Velayet ekseninde gelişmekte olan islami uyanış tüm islami ülkelerde oluşturmuş olduğu çekirdek kadrolarla sömurgeci ülkelerin ve onlara yardakçılık yapan sözüm ona islam ülkeleri korkulu rüyalar görerek büyük şeytan Amerika’dan yardım dilemekteler. Herhalde efendileri olan Amerika’nın düşmüş olduğu bataklıktan çıkamadığını görmeyecek kadar körler.

İslam inkilabının mazlumlara faydaları:

Yıkılmayan güçler olarak lanse edilmiş müstekbir güçlerin karşısında imanlı, cesaretli, siyasi bilinciyle düşmana korkulu rüyalar yaşatan bir veliyül emrin ekseninde birleşildiğinde yıkıla bilineceğini öğretmiştir mazlum ve mustazaf insanlara ve velayetsiz hiç bir hareketin hedefine ulaşamıyacağını öğretmiştir insanlara. Dikkat edilecek olunursa küfür cepheside batıl olan velayetlerinin ekseninde birleştikleri için bugün ki seviyeye geldiler.

Korkudan, pısırıklıktan, uyuşukluktan ve tenbellikte kurtarıp çalışkan okuyan, tefekür eden, aklını kullanan cesaretli, azimli ve zillet içinde yaşamaktansa izzetli ölümü tercih eden yiğit insanların yetişmesine vesile olmuştur bu inkilab.

Bu İnkılap genelde tüm dünya mustazaflarına ve ezilen haklara, özelde dünya müslümanlarına yapmış olduğu bir çağırı vardır!

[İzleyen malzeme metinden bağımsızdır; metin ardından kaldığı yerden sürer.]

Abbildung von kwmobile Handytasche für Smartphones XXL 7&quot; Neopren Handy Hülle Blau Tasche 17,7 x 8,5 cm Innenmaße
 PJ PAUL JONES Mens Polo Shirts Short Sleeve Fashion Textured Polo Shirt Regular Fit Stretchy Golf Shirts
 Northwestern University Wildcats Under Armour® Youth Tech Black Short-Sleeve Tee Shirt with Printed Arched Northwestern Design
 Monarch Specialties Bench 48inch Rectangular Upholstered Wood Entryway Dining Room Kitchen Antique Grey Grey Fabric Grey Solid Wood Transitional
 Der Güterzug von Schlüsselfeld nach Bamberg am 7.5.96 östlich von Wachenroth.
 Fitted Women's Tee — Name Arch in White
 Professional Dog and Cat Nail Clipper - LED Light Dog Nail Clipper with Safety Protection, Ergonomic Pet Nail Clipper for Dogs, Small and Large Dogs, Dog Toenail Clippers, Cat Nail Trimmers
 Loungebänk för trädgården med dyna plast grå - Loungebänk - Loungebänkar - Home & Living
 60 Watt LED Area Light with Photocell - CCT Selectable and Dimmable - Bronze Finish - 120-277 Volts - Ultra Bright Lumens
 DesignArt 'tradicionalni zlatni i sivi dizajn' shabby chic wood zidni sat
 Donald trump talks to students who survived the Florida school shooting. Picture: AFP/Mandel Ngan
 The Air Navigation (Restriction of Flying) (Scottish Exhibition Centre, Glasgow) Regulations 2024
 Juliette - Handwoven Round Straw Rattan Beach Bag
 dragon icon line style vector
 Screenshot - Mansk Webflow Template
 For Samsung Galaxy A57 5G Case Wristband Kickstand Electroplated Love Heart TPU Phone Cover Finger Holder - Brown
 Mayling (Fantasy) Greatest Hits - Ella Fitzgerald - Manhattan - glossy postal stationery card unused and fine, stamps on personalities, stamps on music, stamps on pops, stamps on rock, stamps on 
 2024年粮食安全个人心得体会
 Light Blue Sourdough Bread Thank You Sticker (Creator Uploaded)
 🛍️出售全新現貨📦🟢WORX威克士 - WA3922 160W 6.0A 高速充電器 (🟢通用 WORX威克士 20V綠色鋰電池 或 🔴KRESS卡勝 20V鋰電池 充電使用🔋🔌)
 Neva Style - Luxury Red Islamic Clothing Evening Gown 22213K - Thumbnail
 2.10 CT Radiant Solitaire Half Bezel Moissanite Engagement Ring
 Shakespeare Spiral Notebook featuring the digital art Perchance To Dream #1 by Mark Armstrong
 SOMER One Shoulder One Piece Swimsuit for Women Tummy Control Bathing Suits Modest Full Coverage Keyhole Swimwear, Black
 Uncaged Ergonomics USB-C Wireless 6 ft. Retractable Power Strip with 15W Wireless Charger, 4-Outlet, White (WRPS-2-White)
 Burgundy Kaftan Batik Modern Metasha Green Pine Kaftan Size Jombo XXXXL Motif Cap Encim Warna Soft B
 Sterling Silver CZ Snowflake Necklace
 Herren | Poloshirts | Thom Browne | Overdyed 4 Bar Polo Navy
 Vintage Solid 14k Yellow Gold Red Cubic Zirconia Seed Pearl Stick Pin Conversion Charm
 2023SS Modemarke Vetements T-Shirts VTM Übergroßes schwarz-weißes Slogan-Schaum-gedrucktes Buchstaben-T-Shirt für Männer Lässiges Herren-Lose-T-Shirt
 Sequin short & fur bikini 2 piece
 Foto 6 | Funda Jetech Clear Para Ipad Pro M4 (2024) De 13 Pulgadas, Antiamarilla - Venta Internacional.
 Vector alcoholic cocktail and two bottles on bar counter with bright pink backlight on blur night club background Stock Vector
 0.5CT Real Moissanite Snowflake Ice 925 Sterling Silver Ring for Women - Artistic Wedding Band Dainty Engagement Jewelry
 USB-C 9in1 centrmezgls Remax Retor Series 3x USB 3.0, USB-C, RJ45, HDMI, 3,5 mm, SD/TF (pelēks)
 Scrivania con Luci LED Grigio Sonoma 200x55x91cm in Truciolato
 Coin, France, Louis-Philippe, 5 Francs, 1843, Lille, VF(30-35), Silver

Ey dünya müslümanları Amerika ve diğer sömürgeci güçlerin sömurgelerine yardımcı olan ve onların ayakta kalması için koltuk değeneği olan  ve onlarla müttefik olan idarecilerinizi ikaz edin ve uyarın, vaz geçmezler ise imanla, cesaretle ve korkususca karşı durun ve şunu iyi bilin ki Allah kendi dostlarını yalnız bırakmayacaktır.